Xgboost: [RFC] Possible DMatrix refactor

Created on 10 Apr 2019 · 18Comments · Source: dmlc/xgboost

As we add different types of algorithms to xgboost and as the performance of these algorithms improves, the DMatrix class may also be improved in order to improve performance and memory usage for these particular cases.

Current DMatrix
The current DMatrix class has two sub classes. The first is the primary in memory representation where the entire dataset is ingested and converted into a CSR format with values stored as 32-bit floats. The entire dataset may be transposed in memory into a column format for exact style algorithms.

The second is the external memory representation which constructs a number of binary page files (32mb in size by default) which are streamed from disk. If a column format is requested, new transposed pages will be generated and these will be streamed from disk.

The end user does not directly choose the type of DMatrix and these subclasses are not exposed via external APIs. The type of underlying DMatrix is automatically selected according to if the user supplies a cache prefix in the constructor.

Currently a batch of data is stored inside the DMatrix as a 'SparsePage' class. This uses HostDeviceVector in order to expose data to both the CPU and GPU.

Current fast histogram algorithms
The current static histogram algorithms (hist, gpu_hist) convert the DMatrix object on the fly inside of their respective TreeUpdater implementations, not as a part of DMatrix implementation, although I believe that it was eventually intended to be integrated with DMatrix (#1673). 'hist' converts the data into a CSR matrix with integers instead of floats. 'gpu_hist' converts the data into an ELLPACK format with integers instead of floats and additionally applies bitwise compression at run time to both the matrix elements and indices, commonly resulting in 4-5x compression over the standard CSR matrix. In gpu_hist we avoid ever copying the training DMatrix to the GPU if prediction cacheing is used.

Some desirable features for DMatrix
Here I will list some features that we would like to have. Not all of these will be practical under the same design.

The ability to train entirely on a compressed quantised DMatrix. We could save around ~4x memory and be much more competitive with LightGBM on memory usage.
Support for dense matrices. We would directly halve memory usage by using dense formats where appropriate.
DMatrix as a thin wrapper over an already allocated data matrix. e.g. a numpy ndarray. Given a dense numpy input, we copy this into DMatrix format resulting in 3n memory usage.
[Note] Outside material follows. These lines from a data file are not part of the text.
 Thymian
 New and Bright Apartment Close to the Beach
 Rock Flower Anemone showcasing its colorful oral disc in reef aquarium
Simply using the underlying numpy array as our storage uses 1n memory.
Support for ingest of data from GPU memory (see #3997)
Support for external memory for all of the above

Notes on possible implementation

Current iterators used to access DMatrix could be made into virtual functions, abstracting away underlying memory format. There could be a significant performance penalty here from virtual function look up.
The question is how do the histogram learning algorithms then access the underlying integer representation if it exists? Do we provide another set of iterators specifically for quantised data? What happens if these iterators are called but the underlying data is stored as a float? We can either error and tell the user to construct a different type of DMatrix for this particular learning algorithm or generate the required representation on the fly with some silent performance penalty.
Another possible solution is to have the DMatrix as a completely 'lazy' object that contains a pointer to an external data source but defers constructing an internal representation until it knows the optimal format, based on whatever learning algorithm is chosen. This solution has the downside of introducing complicated state to the DMatrix object.

I realise the above is somewhat rambling and does not propose a concrete solution, but I hope to start discussion on these ideas.
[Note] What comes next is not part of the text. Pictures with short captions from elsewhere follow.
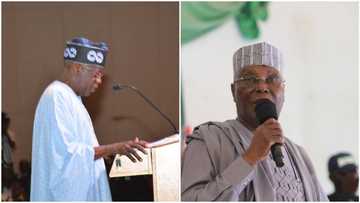 APC, PDP in fresh war of words over Tinubu, Atiku’s competency
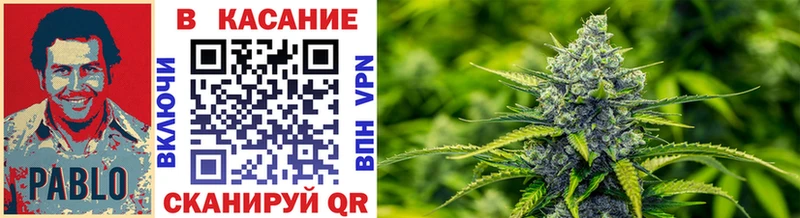 Виды наркотиков купить Орехово-Зуево Cocaine Alpha PVP Гашиш
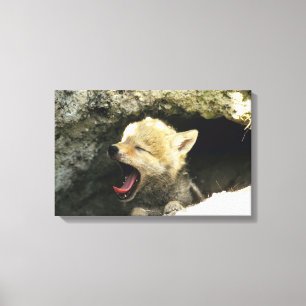Coyote pup yawning canvas print
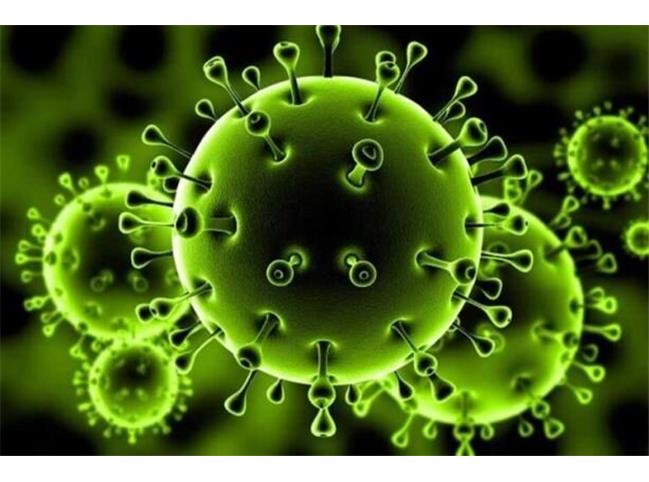ویروس کرونای هیبرید هندی _کالیفرنیایی  چیست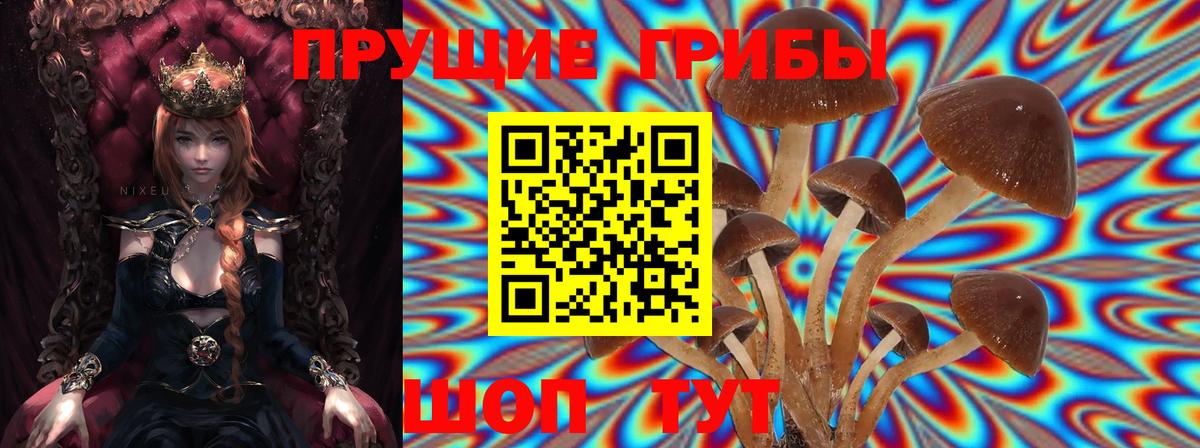 Первоуральск  Псилоцибиновые грибы мухоморы  Вход с VPN 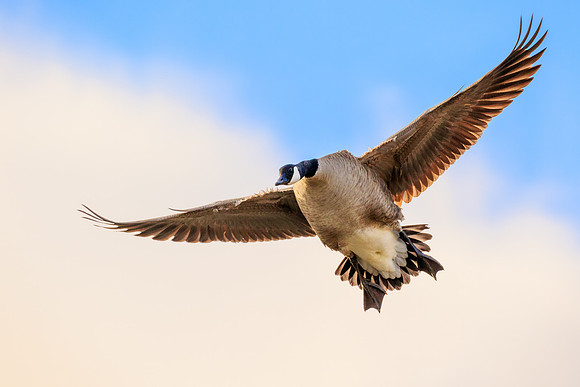 Canadian Goose 281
@tqchen @hcho3 @trivialfis @CodingCat

RFC

Source

RAMitchell

🎉5

All 18 comments

silent performance penalty

There's always LOG(WARNING).

downside of introducing complicated state

I would suggest implementing lazy initialization. Even if we were to provide an explicit interface for specifying type of DMatrix, ideally we still need to add a check for users, I doubt that anyone would first try to understand what these jargons mean before using a library, so there must be lots of mistakes. To implement this check, those states are necessary. And the state can be encoded in Updater with following code built into Learner:

std::vector<DMatrixType> types;
for (auto up : updaters) {
  types.emplace_back(up->PreferredFormat());
}
dmat->BuildData(types);

In an updater, say gpu_hist:

DMatrixType PreferredFormat() const { return DMatrixType::Qunatile; }

And lastly in DMatrix::BuildData(DMatrixType type), that's just dispatching.

trivialfis on 10 Apr 2019

DMatrix as a thin wrapper over an already allocated data matrix.

echo on this, as I am facing several scenarios really needing low-latency prediction, making DMatrix as a wrapper instead of really allocating memory space to store data would reduce the overhead involved in the whole code path....
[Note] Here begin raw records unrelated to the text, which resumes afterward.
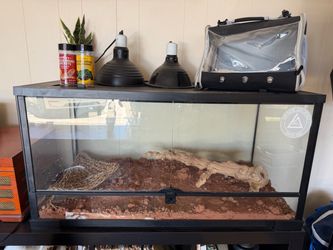 Reptile Terrarium Tank 45 Gallon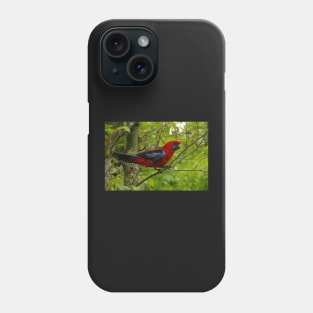 Crimson Rosella at O'Reilly's Phone Case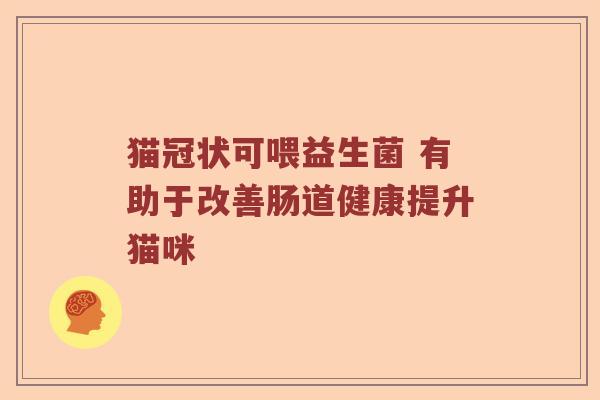 猫冠状可喂益生菌 有助于改善肠道健康提升猫咪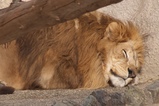 豊橋動植物園_おとーさん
There could be a significant performance penalty here from virtual function look up.

isn't it very hard to eliminate virtual functions in this case? either in iterator layer or lower memory format layer, do you have other suggestions?

What happens if these iterators are called but the underlying data is stored as a float

I would vote for stop training in this case, silently (even putting a no-one-will-read warn) doing something for the users are kind of risky to me

CodingCat on 10 Apr 2019

Thanks for your feedback. I think the action on this is to produce a prototype demonstrating DMatrix as a thin wrapper over an existing data structure and possibly exploring the idea of lazy DMatrix construction, then we will reevaluate.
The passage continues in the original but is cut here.